◆ PROBLEM TO SOLVE: When you repeat the listing, keep every character as it is.

=====

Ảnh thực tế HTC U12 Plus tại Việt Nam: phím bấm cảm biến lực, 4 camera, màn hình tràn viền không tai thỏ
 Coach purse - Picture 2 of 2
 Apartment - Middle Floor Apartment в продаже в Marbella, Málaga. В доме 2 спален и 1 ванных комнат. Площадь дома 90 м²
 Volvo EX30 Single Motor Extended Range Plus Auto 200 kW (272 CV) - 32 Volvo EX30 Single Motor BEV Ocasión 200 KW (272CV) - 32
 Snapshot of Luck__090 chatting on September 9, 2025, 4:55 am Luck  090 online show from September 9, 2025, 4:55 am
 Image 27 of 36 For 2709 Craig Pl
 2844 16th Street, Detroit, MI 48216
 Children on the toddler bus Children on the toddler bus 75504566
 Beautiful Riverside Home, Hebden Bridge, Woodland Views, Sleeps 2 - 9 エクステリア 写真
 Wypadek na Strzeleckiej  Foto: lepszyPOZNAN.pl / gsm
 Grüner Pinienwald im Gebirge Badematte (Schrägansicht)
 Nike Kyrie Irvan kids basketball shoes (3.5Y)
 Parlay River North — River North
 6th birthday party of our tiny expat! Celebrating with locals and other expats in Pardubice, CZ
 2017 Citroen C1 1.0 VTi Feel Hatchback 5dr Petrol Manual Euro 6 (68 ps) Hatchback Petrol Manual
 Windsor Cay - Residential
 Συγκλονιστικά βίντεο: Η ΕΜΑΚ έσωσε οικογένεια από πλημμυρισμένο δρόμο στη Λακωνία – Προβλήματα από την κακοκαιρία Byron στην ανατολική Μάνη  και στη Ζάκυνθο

=====

◆ SOLUTION TO THIS PROBLEM:
Ảnh thực tế HTC U12 Plus tại Việt Nam: phím bấm cảm biến lực, 4 camera, màn hình tràn viền không tai thỏ
 Coach purse - Picture 2 of 2
 Apartment - Middle Floor Apartment в продаже в Marbella, Málaga. В доме 2 спален и 1 ванных комнат. Площадь дома 90 м²
 Volvo EX30 Single Motor Extended Range Plus Auto 200 kW (272 CV) - 32 Volvo EX30 Single Motor BEV Ocasión 200 KW (272CV) - 32
 Snapshot of Luck__090 chatting on September 9, 2025, 4:55 am Luck  090 online show from September 9, 2025, 4:55 am
 Image 27 of 36 For 2709 Craig Pl
 2844 16th Street, Detroit, MI 48216
 Children on the toddler bus Children on the toddler bus 75504566
 Beautiful Riverside Home, Hebden Bridge, Woodland Views, Sleeps 2 - 9 エクステリア 写真
 Wypadek na Strzeleckiej  Foto: lepszyPOZNAN.pl / gsm
 Grüner Pinienwald im Gebirge Badematte (Schrägansicht)
 Nike Kyrie Irvan kids basketball shoes (3.5Y)
 Parlay River North — River North
 6th birthday party of our tiny expat! Celebrating with locals and other expats in Pardubice, CZ
 2017 Citroen C1 1.0 VTi Feel Hatchback 5dr Petrol Manual Euro 6 (68 ps) Hatchback Petrol Manual
 Windsor Cay - Residential
 Συγκλονιστικά βίντεο: Η ΕΜΑΚ έσωσε οικογένεια από πλημμυρισμένο δρόμο στη Λακωνία – Προβλήματα από την κακοκαιρία Byron στην ανατολική Μάνη  και στη Ζάκυνθο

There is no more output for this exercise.